Top of Records shown

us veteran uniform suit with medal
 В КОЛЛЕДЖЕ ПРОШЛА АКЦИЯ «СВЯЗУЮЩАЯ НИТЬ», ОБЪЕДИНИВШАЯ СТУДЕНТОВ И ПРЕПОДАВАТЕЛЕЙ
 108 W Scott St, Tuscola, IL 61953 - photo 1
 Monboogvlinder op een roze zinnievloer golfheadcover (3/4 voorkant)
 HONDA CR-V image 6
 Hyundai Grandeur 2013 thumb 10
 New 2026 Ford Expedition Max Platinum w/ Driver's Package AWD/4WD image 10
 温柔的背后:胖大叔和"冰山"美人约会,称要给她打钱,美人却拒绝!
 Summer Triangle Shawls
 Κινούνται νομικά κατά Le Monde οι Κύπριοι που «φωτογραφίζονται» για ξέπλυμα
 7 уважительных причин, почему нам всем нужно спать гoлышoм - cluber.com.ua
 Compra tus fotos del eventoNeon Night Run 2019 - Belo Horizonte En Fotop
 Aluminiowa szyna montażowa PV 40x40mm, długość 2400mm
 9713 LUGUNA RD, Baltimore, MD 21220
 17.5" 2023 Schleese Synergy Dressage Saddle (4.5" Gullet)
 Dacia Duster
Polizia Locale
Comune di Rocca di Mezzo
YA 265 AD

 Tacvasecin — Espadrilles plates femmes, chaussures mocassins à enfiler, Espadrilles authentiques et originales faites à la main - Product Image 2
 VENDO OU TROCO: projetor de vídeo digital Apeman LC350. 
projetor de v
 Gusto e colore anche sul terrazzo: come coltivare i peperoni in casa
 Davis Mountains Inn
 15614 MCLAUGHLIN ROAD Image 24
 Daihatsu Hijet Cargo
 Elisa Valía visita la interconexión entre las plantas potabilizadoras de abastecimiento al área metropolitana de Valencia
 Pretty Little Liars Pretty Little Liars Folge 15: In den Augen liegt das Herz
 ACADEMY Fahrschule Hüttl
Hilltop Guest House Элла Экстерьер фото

Bottom of Records shown

## Exercise brief
When the string "projetor" appears in a line of the records above, that line is to be copied.

## Result for this exercise
 VENDO OU TROCO: projetor de vídeo digital Apeman LC350. 
projetor de v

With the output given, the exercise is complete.